Hydrogen-powered buses can be an early stimulant to the hydrogen economy by using public procurement to guarantee offtake and boost bankability, scaling up demand in tandem with supply
Zest's Managing Director Jeffrey Beyer presented at the Conference on Clean Buses in MENA on 6 February, 2023.
His presentation considered the role that hydrogen-powered buses can play in decarbonizing the transport sector whilst helping to kickstart nascent hydrogen markets.
How buses address key barriers to the hydrogen economy
Matching supply and demand: A key challenge to activating the hydrogen economy is matching gradually increasing supply with demand. While countries have ambitions to produce gigawatts of hydrogen, the market will start with megawatts, and those projects need right-sized offtakers along the way. As relatively small users, hydrogen bus fleets can gradually be procured to match demand with supply in a step-wise, predictable way, soaking up demand as it comes online.
Bankability: Hydrogen producers are challenged to find longterm offtakers for their hydrogen, which threatens the bankabilty of their projects. Municipalities and can choose to buy hydrogen-powered buses, which have lifetimes of about 15 years. These ensure guaranteed volumes of hydrogen demand (offtake) over a reasonable time horizon, underpinned by a government, which boosts the bankability of projects.
Public procurement: Municipal governments often procure bus fleets, while national governments are responsible for implementing hydrogen strategies. Government should coordinate across levels, using municipal procurement as a leverage point to activate the national plan, showing joined-up, strategic thinking.
Building confidence through specific strategies: Governments have an opportunity to specifically outline the role that hydrogen is likely to play in achieving transport-sector decarbonisation objectives. This would build confidence in the market for investors and developers by specifying an early use-case for hydrogen that is under the control of the government.
Electric versus hydrogen
While electrification of bus transport removes tailpipe emissions, it relies on a decarbonised grid to secure full emission reductions. Electric buses also have heavy batteries (up to 20% of the weight of the bus), long recharging cycles (up to 6 hours), limited range (less than 200km), and can require extensive en-route infrastructure upgrades.
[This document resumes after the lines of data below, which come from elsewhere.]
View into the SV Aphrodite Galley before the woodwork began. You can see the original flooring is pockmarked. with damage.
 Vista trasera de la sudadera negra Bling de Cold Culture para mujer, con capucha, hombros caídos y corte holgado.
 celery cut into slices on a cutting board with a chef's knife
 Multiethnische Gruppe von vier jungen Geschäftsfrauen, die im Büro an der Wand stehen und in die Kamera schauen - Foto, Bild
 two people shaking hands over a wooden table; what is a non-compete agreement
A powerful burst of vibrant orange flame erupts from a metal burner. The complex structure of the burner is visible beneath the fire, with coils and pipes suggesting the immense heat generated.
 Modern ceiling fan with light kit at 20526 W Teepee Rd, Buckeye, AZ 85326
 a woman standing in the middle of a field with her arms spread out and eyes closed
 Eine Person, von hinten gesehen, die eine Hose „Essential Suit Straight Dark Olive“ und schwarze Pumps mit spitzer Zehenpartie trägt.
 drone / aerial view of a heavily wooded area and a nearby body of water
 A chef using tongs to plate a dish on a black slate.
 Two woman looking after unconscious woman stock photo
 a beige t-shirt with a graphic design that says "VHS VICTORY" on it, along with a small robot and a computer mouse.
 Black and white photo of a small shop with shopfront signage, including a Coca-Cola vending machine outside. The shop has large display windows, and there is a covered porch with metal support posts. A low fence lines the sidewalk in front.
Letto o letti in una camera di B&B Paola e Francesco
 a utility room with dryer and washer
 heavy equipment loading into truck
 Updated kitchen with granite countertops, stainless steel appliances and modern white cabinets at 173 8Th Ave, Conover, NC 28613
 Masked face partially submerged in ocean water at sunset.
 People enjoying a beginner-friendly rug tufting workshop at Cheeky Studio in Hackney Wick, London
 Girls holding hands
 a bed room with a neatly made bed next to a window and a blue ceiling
By contrast, buses powered by green hydrogen can secure deep and immediate decarbonisation. They are also lighter, have fast refuelling times (less than 15 minutes), extended ranges (350km) and require limited upgrades for depot or terminal refuelling infrastructure.
About the Conference on Clean Buses in MENA
The Conference on Clean Buses in MENA discussed key initiatives in decarbonising public transport in MENA region, plans, policies, programmes and funding to transition to a clean and zero-emission bus fleet, opportunities in deployment of electric and hydrogen-fuelled buses and related infrastructure, the way forward for public transport authorities and public transport operators, best practices in transitioning to a zero-emission bus fleet, experience so far and the lessons learned. It was hosted by Global Mass Transit.